P. Loris Piorar ci racconta la sua storia nel MEG
Come inizia la mia storia nel MEG? In maniera molto semplice… Da gesuita, sentendone parlare fin dai tempi della mia formazione e soprattutto nel primo contatto, all’arrivo a San Saba per i miei studi di licenza.
Sono arrivato lo stesso giorno in cui è finito il convegno dei sessant’anni del Movimento. Non sapevo cosa mi sarebbe successo in seguito!

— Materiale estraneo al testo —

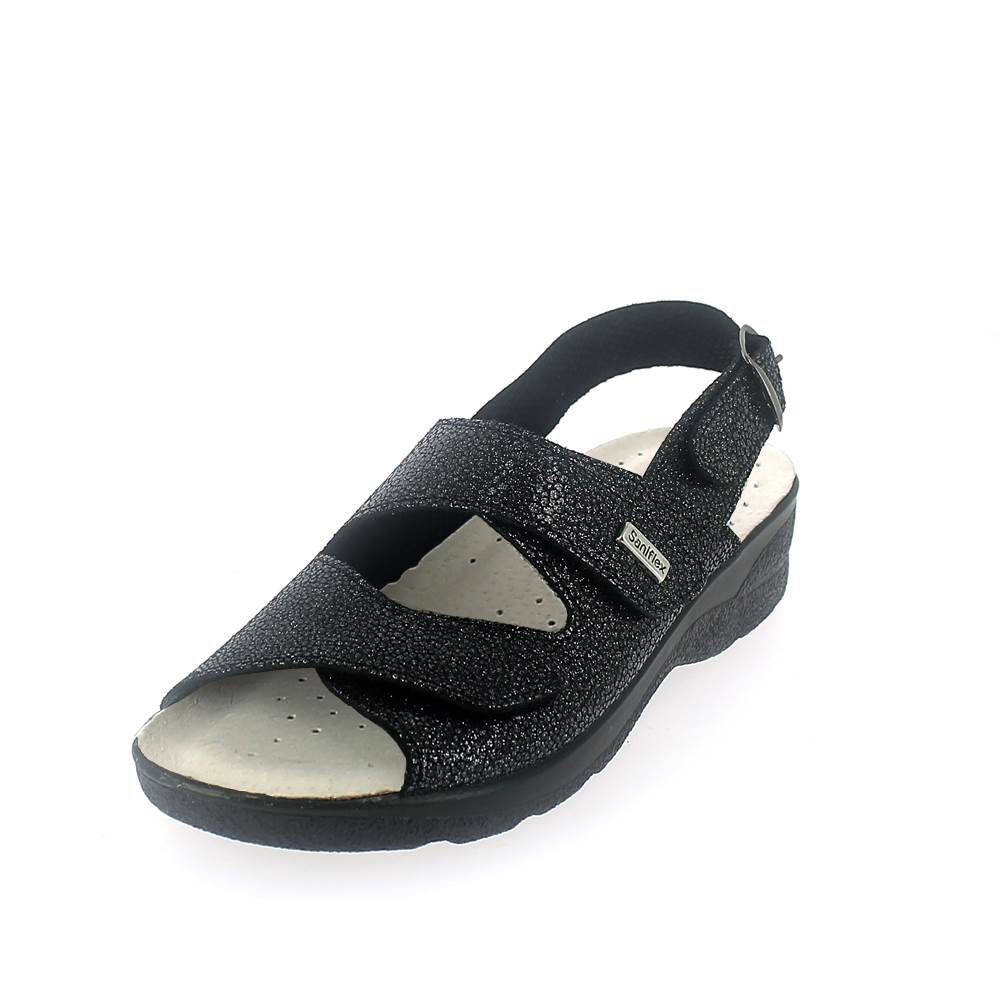 Summer sandal for women with padded insole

All’inizio di quello stesso anno sociale, padre Giangiacomo Rotelli, allora Responsabile Nazionale del MEG, mi chiese di seguire le comunità di Pescara e di dare un contributo al Centro Nazionale insieme a Padre Francesco Pecori.

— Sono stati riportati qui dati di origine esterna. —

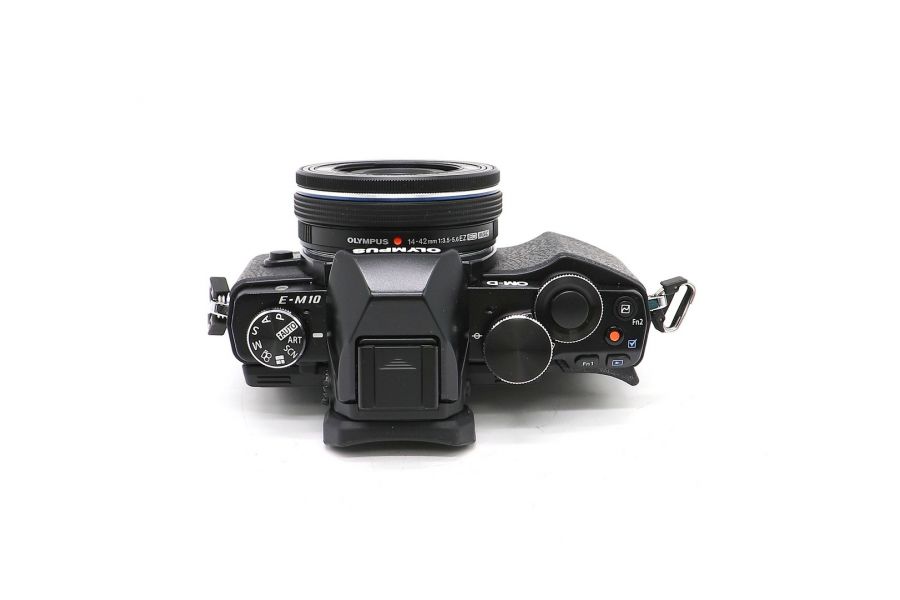 Olympus OM-D E-M10 kit в упаковке (Пробег 4000 кадров)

Ho cominciato con curiosità, senza aspettarmi molto, pensando soprattutto che mi sarei dedicato ad un piccolo gruppetto di ragazzi, tenuto conto che avrei continuato a vivere a Roma.


Il mio primo arrivo a Pescara è stato già uno stupirmi! Molte comunità, moltissimi ragazzi! Non è stato facile, ma ci ho messo tutto il mio di entusiasmo, che era nulla rispetto a quello dei ragazzi. Tale era stata la gioia che quegli incontri mi avevano portato, che decisi di celebrare la mia prima messa da sacerdote proprio durante una Giornata Regionale a Pescara.
Così arrivarono i primi Convegni Nazionali, con l’emozione di accogliere storie di vita nelle confessioni durante le veglie e di vedere ragazzi impegnati a condividere, pregare, gioire insieme. Stupore e bellezza!
Da lì in poi ho continuato il mio servizio, fino a che, nel 2008, mi è stato chiesto di diventare Responsabile Nazionale… Emozioni, attese, paure: tutto questo mi accompagnava, ma nel fondo sentivo la grande gioia di poter servire ancora meglio e ancora di più quei ragazzi.
Tanti i momenti vissuti insieme a loro: dai vari Convegni Nazionali, al Convegno Mondiale; dagli incontri nelle singole comunità, alla relazione personale con i ragazzi.
Ho ricevuto tantissimo. Ho potuto conoscere comunità, storie, città; ricevere tanto amore e tanta accoglienza. Ho provato a dare quello che ho potuto.
Nel MEG ho iniziato da fratello, ho concluso da padre.
È stata una grande festa. Ho imparato, forse, un po’ di più ad accogliere, ad ascoltare, ad assumermi responsabilità in prima persona davanti a tutti.
Dal MEG ho provato ad imparare a voler bene a tutti: una scuola lenta ed incisiva.
Il MEG mi ha insegnato a vivere in pienezza la messa come “luogo” in cui il Signore m’incontra: mi ascolta, mi dona una Parola, si spezza per me, mi invita a dirlo agli altri. Luogo in cui il Signore, giocandosi tutto, mi spinge a fare altrettanto.
Ho imparato a portare nel cuore le storie, le persone, le comunità. Con gioia, come faccio anche oggi per i ragazzi che il Signore mi ha affidato. Mi fermavo la mattina presto davanti a Lui e gli affidavo tutti voi, consapevole che allo stesso modo, in ogni comunità, il MEG si ricordava di me.


Oggi il MEG lo rappresenterei con un sorriso. Il sorriso è qualcosa di molto delicato: non nasconde le ferite, le preoccupazioni, ma quando si rivolge a qualcuno desidera ostinatamente cercare e trovare Vita, dentro tutto ciò che gli sta succedendo.
Questo è il sorriso che ho ricevuto da tante persone, adulti, giovani e bambini; sorriso che custodisco indelebilmente nel mio cuore e che provo a condividere con coloro che incontro oggi.